Everything that was suppressed and rejected is glorified, even if that gets a grotesque configuration. Since Souza was dealing with the interiority of the human psyche and pulling it out and showcasing it, that’s why his art was so distorted and grotesque. When people look at his art, they see their psyche in that distorted mirror and that troubles them. It triggers them and it is an uneasy space.

Janeita said, “There was a social revolution in his work. He is envisioning liberated men and liberated women, a strong man and a strong woman. He has that courage and his art comes from his unconscious. He is not consciously saying that he will make the women all those primordial images and he is giving them shape and form. He is envisioning a society where there is an equal playing field where man and the woman enter into a relationship which will be mutually beneficial and not one of transactions. It is based on friendship and that she was strong in her own right and they would come together.”

FN Souza was an artist who was calling out the shadows, the hypocrisy and the bigotry of our day to day life as well as the institutions of state and religion. He was looking through all of that and his religious paintings are a powerful satire. Putting all this together was an experience, ideas for essays would pop up in her brain which she would write and would be published.

She was also travelling to small art towns in Europe and she would visit Picasso museum, Chagal museum and in her subconscious, the comparative study was still going on. When she wrote the essays she felt free but she still had these raging questions since she was going through a crisis and Souza was giving her answers through the canvasses. She was not looking to decipher anything or looking hard for anything in his personal life. The canvases were her main focus. All the images created a great deal of controversy especially during the British times with their Victorian mentality and how they maligned the Kama Sutra and labeled the devadasis as prostitutes which meant Indians had become ashamed of their own civilisation.

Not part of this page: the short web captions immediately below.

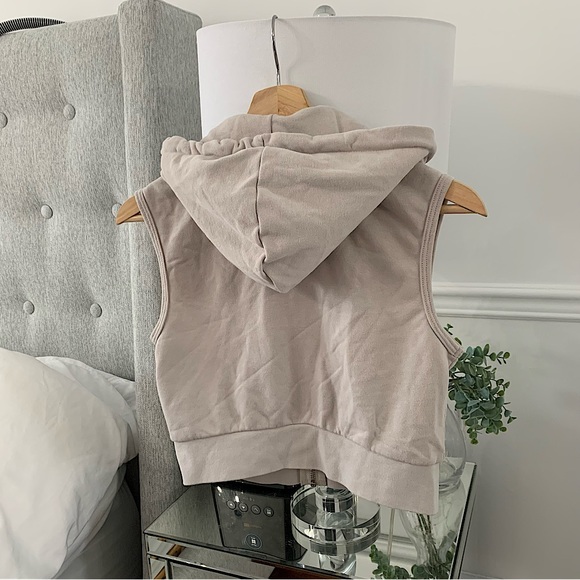 🤍 H&M | Beige cropped sleeveless vest - Picture 4 of 7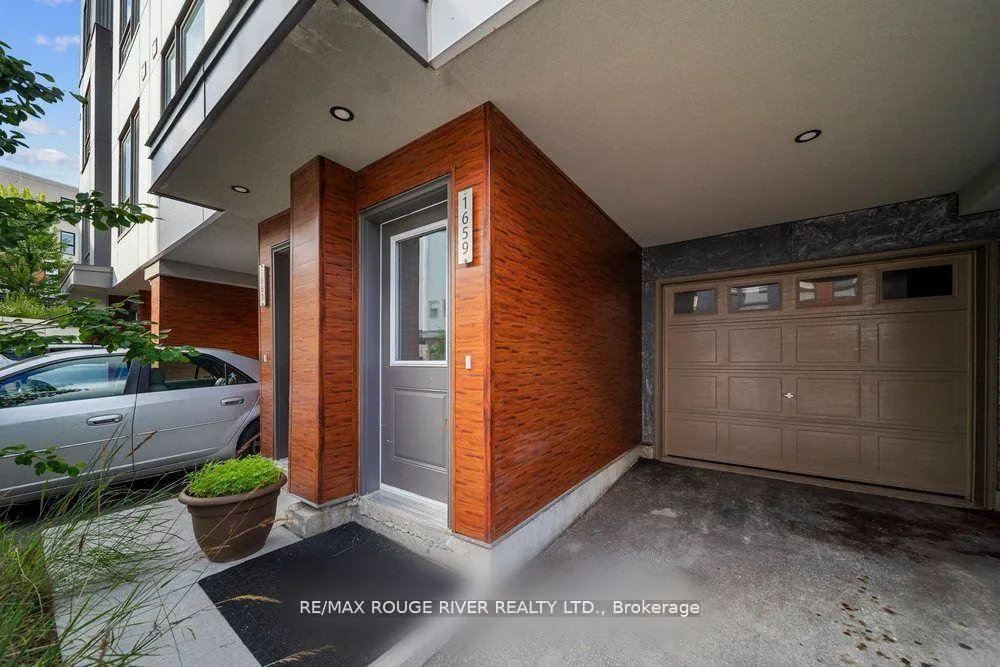 Photo 2 of 1659 Pleasure Valley Path, Oshawa, Samac — HOMEH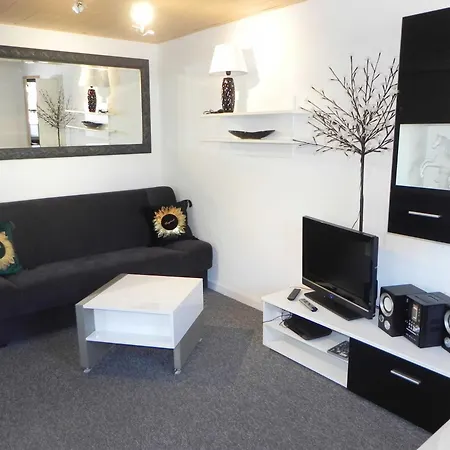 Krause Apartment *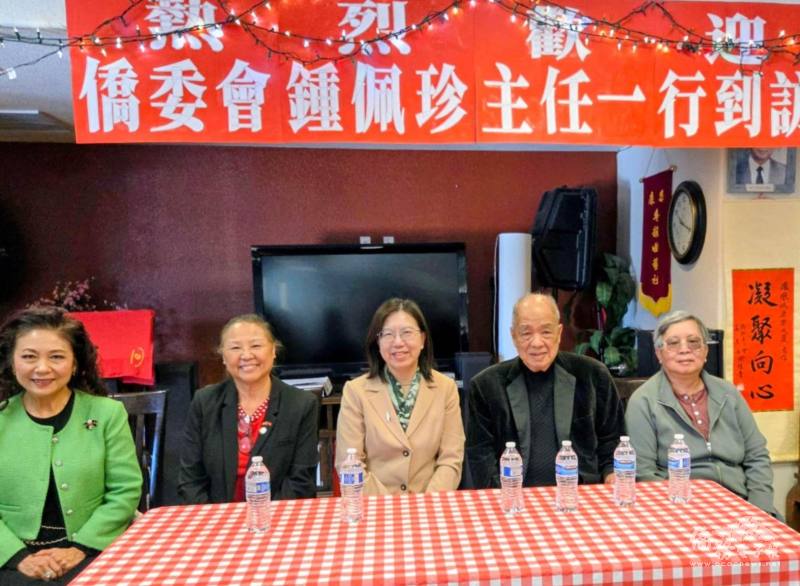 康樂大廈老人公寓會長徐家聲(右二)與洛鍾佩珍主任主持座談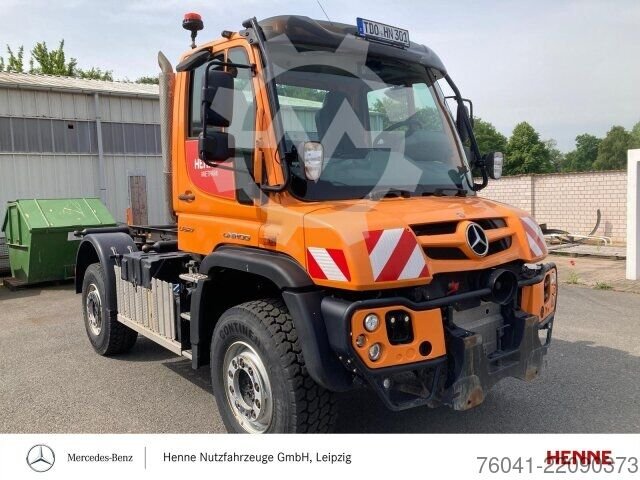 Mercedes-Benz Unimog U 527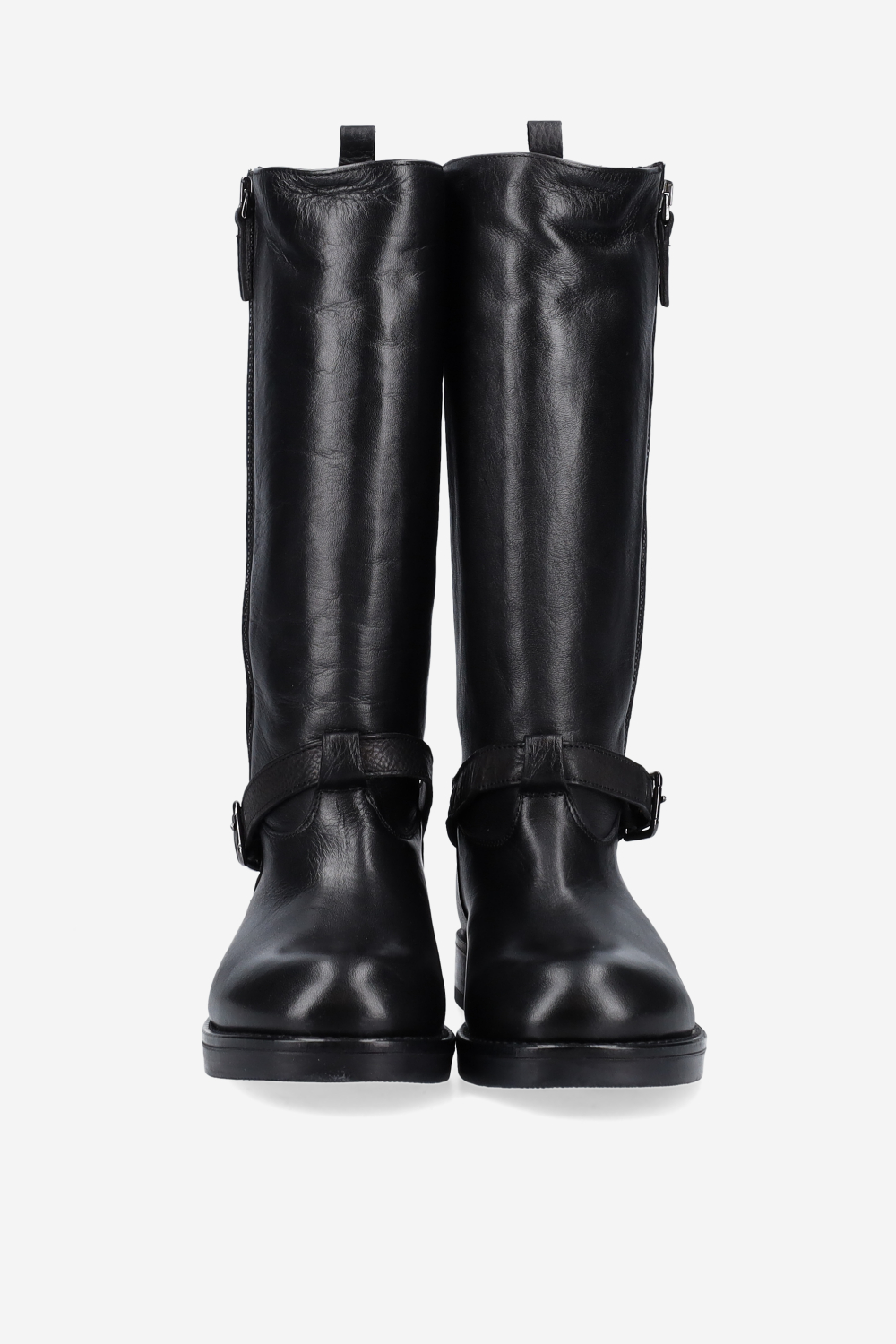 Zipped leather boots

“India has six schools of philosophy which gives you a whole room to play with. You can be with a god or not or you begin your own journey and don’t go to any god. Souza was agnostic and he said he did not believe in any god though he believed in Sankhya philosophy and tantra though born a Catholic. He took bits of all the religions and came up with his own cosmology and that gave him a lot of courage or clarity of what he saw around him. And he commented on that through his paintings and led people through different possibilities,” explains Janeita.

It is important to remember that FN Souza was a post world war artist and thinkers and philosophers were thinking of the things that people do and why it was done. His head series, she said, documented the interiority of his psyche. The shadows highlighted the aggressiveness, ambition or whatever the individual had. He was pulling everything out of consciousness, throwing it away and filling it with amorphous forms.

Souza, towards the end of his life, almost had a maternal instinct for the coming generation. He was a patriarch with a very strong masculine psychology but he also had a very strong feminine core. This made him a very balanced human being and all those intuitions came from his feminine side. All this made him a very interesting individual and this book is a celebration of that complex man.